При выходе с акта попечитель горячо благодарил и обнимал меня, и тут же предложил мне место инспектора студентов в университете. Вскоре в "Московских Ведомостях" изъявлена мне благодарность за отличное устройство гимназии. Как я ни отговаривался от предлагаемой мне должности, как я ни представлял, что буду полезнее на прежнем своем месте, Магницкий настаивал, чтоб я занял ее; скрепя сердце я должен был повиноваться. Инспектором был тогда Г.Ф.Вишневский, благородный, добрый, истинный джентльмен по своей жизни и в обращении с студентами. Его жена, урожденная Еропкина, умная, примерная мать, нежная спутница его жизни, в которой они испытали много невзгод, содержала женский пансион, прекрасно устроенный, с целью оградить свое семейство от нужды и дать приличное воспитание детям. Негодовал ли попечитель на мягкость характера Вишневского, или по другой причине желал его удаления, - мне неизвестно. Он не был еще уволен от должности инспектора, и мне поручено было пока исправление ее; следственно, я поступал на место, которое еще было номинально занято.

Я переехал в университет, и за мною затворились двери в светлый мир моей жизни.
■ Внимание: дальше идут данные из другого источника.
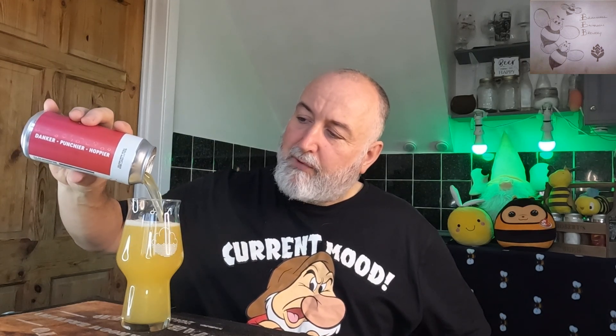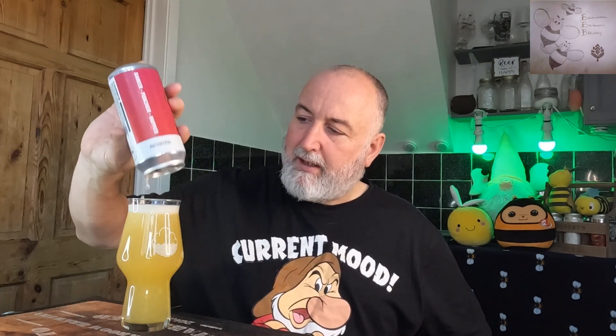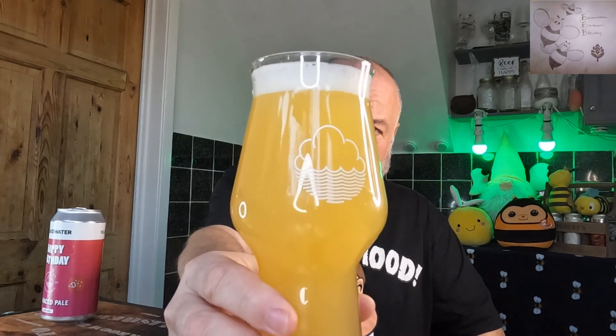Definitely mango — those are the three big ones. It's like nice soft peachy stone fruits, mango, a nice zingy citrus lime aroma. Let's get the rest in the glass. We've got the Cloud Water glass — I think this will do about a 440. Give it a swirl, get it all in there. That looks great — danker, punchier, and hoppier, that's what they claim on the can. Full beer in the glass looking absolutely superb. Cheers!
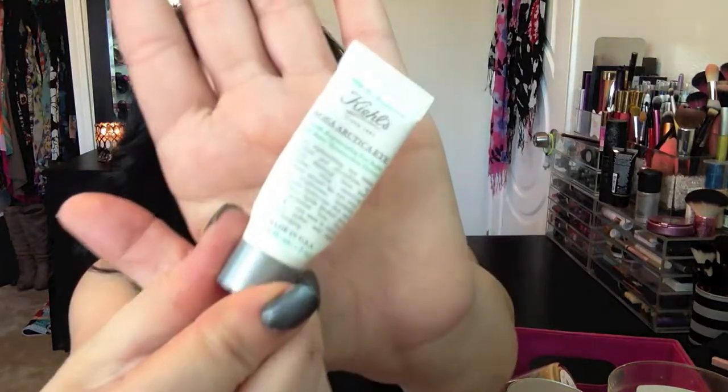The next empty is the Kiehl's Rosa Arctica youth regenerating eye balm — a sample size. I love this stuff. I love Kiehl's. I don't need an eye cream right now because I'm using my Bobbi Brown eye cream which I'm in love with, but this is a good one too if you're looking for a really good eye cream.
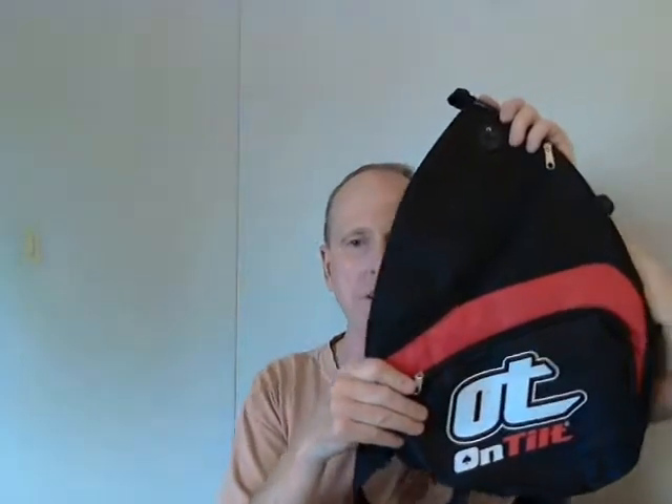And this one, the sling pack, is going in the prize box. Thanks for watching. Have a great day. Peace out.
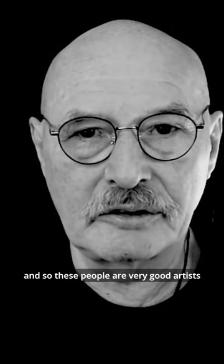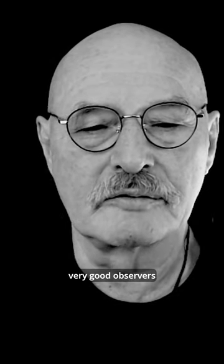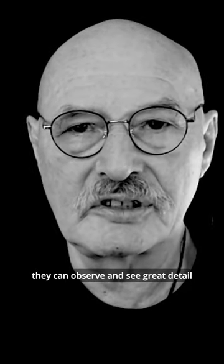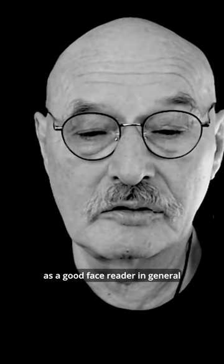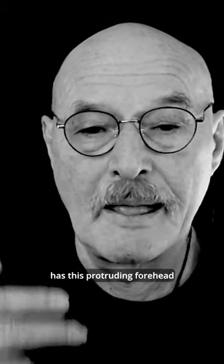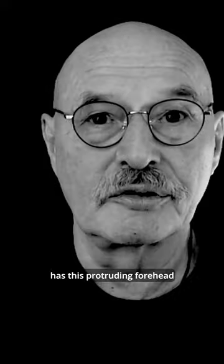So these people are very good artists, very good observers. They can observe and see great detail and interpret them properly. A good face reader generally has this protruding forehead. I hope this helps. Thank you, we'll be right back.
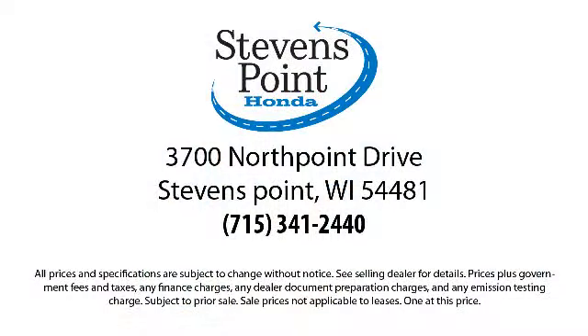So come visit us here at Stevens Point Honda, where you always win. We're located at 3700 North Point Drive in Stevens Point.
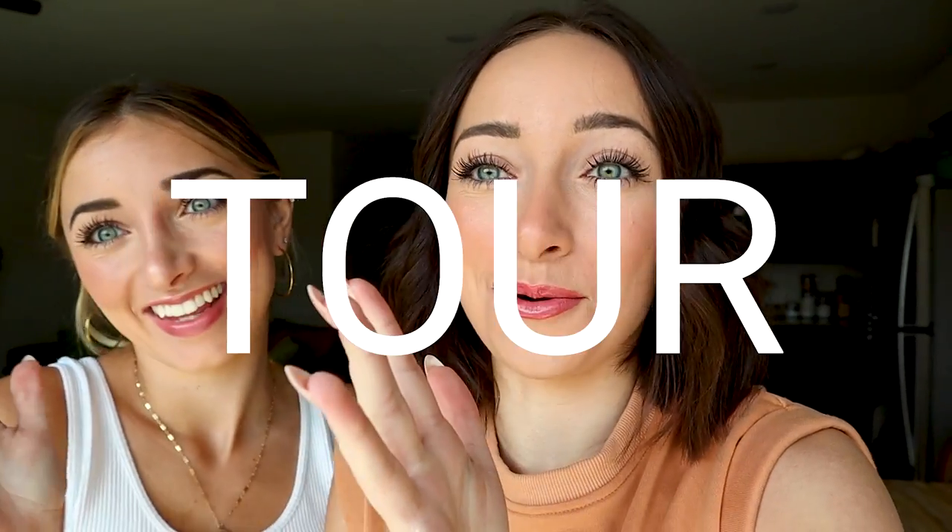Hello you guys! Today we are filming a highly, highly requested video — a rental house tour. Right now, all four of us are living in the same rental house.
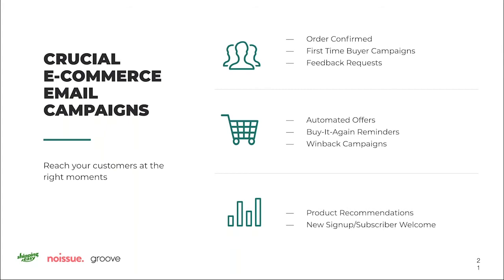Buy-it-again reminders are super crucial for people who have finite products — things like supplements, coffee, vape supplies, handmade items like soap, or edible products. The timing of these will depend on your product life cycle, requiring you to use your product knowledge. If these arrive at the right time when your customer is starting to run low, it keeps them from going to a competitor or just letting the product run out altogether.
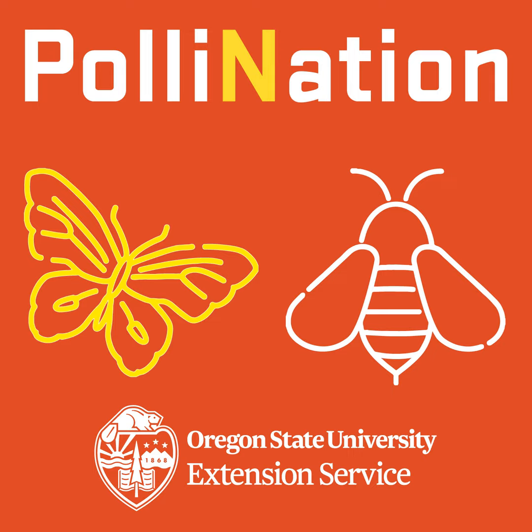From the Oregon State University Extension Service, this is Pollination, a podcast that tells the stories of researchers, land managers, and concerned citizens making bold strides to improve the health of pollinators. I'm your host, Dr. Adoni Melathopoulos, Assistant Professor in Pollinator Health in the Department of Horticulture.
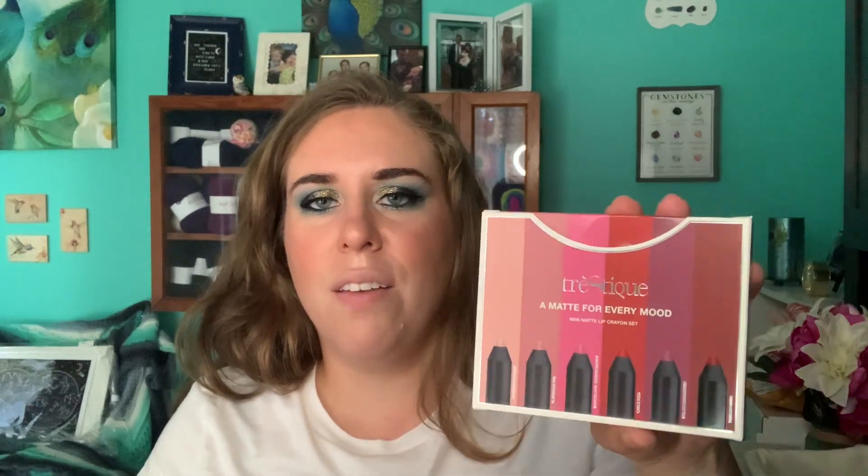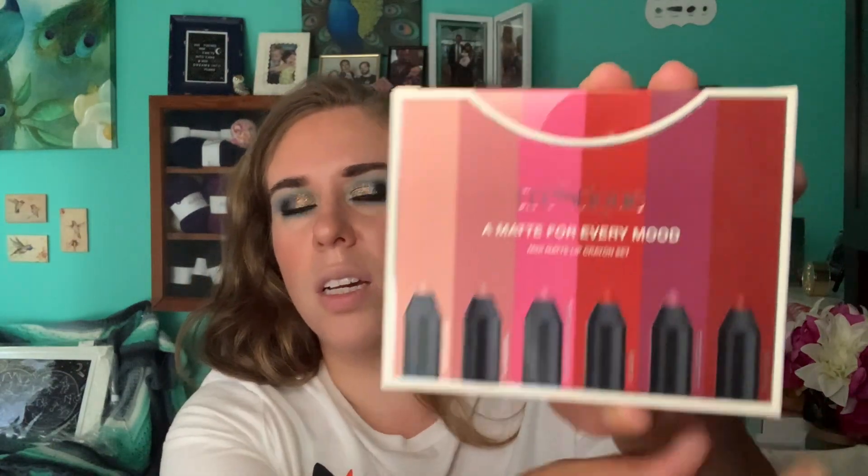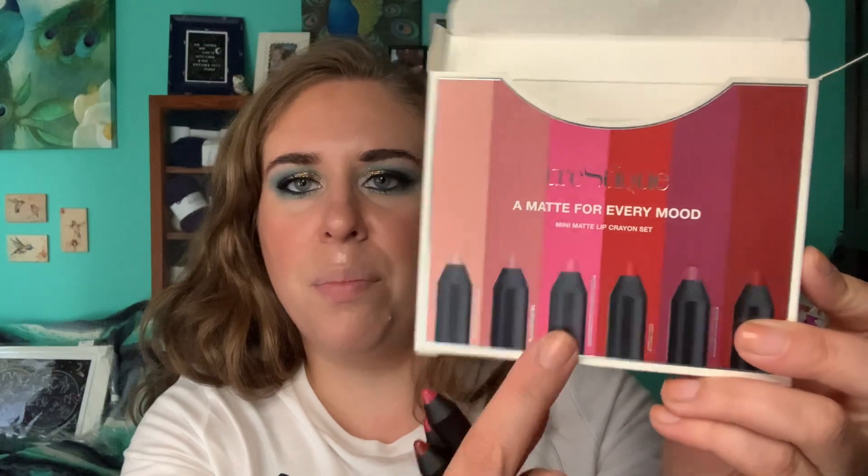The other thing I saw was this Trestique - A Matte For Every Mood. I think I have the Tuscan Wine one already, but that's okay. There's also Chili Red - that looks like my color. Deb knows me and knows I don't really do nudes, so she sent me the three she knows I'd actually use. The three in here are Barcelona Bright Berry - it looks really pink on the packaging but more like magenta fuchsia on the cap.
Магницким сделано было много на увеличение и украшение зданий университета, на устройство церкви (по образцу домашней князя А.Н.Голицына в Петербурге), библиотеки, физического кабинета, обсерватории, одним словом, все - что можно было сделать денежными средствами, щедро ему отпускаемыми. И это все осталось бы навсегда памятником попечительства его, если бы в этих сооружениях не вмешались расчеты, о которых, основываясь на фактах, упоминает г. Феоктистов в своей статье. Что до меня, то я, по своей должности не вмешиваясь в экономические дела университета и не стараясь разведывать темные пути, которыми они проводились, не скажу ничего ни за, ни против. Правда, у Магницкого был чиновник, правая рука его, который любил занимать деньги, и, когда кредиторы напоминали ему о долге, старался чем-нибудь отметить им. Если б я не боялся резко выразиться, я упомянул бы при этом французскую пословицу: "Tel maitre tel valet"*. Здание университета соответствовало своему назначению, но чтоб эти палаты, эти камни, прекрасно сложенные и изукрашенные, можно было в самом деле признать тем, чем они на фронтоне титулуются золотыми буквами, надо, чтобы дал им высокий смысл животворный дух прогресса, чтобы юноши, посещающие аудитории, находили в них для ума и сердца здоровую, с потребностями времени и успехами наук обновляемую пищу. Что ж если для утоления голода хочешь припасть к груди матери, а тебе предлагают коровий рожок, хоть бы и в золотой оправе, с прокислым молоком.

______________

* "Каков хозяин, таков слуга" (фр.).

 

С попечительством Магницкого была учреждена и новая должность директора университета. До меня занимал ее медик Владимирский очень недолго. Прекрасный сначала, он через несколько месяцев никуда не годился. Люди переставлялись, как шашки в руках опрометчивого игрока. На его место поступил доктор медицины и хирургии, надворный советник Трифон Егорович Л-ров. Хирургические операции он вздумал делать и над университетом. Раздражительный от природы и по болезни, он по временам доходил до исступления. Говорили, что он родом из южных славян, но в нем были все инстинкты их южных соседей. Он постоянно употреблял опиум в сильных приемах. В один из пароксизмов своего раздражения он прописал себе такую ужасную дозу, что аптекарь не решился отпустить ее без рецептуры официального врача Фукса (который был и ректором университета). Можно судить, как приятно было мне находиться в ежедневных сношениях с такою личностью. Расскажу только один пример его любезного обращения со мною. Раз я как-то заболел и послал к нему вместо себя своего помощника, надзирателя, служившего и соглядатаем за моими действиями, с ежедневною рапортичкой. Взбешенный, что не я сам пришел, и не разбирая причины, по которой я не мог прийти, он приказал моему помощнику сказать мне, что он плюет на мои рапортички. Этого я не мог вынести; хотя больной, я оделся, отправился к нему и расквитался с ним по правилам Ветхого завета... после чего ему так не поздоровилось, что он был вынужден прибегнуть к усиленному приему опиума. Через месяц, два, он пошел к праотцам своим.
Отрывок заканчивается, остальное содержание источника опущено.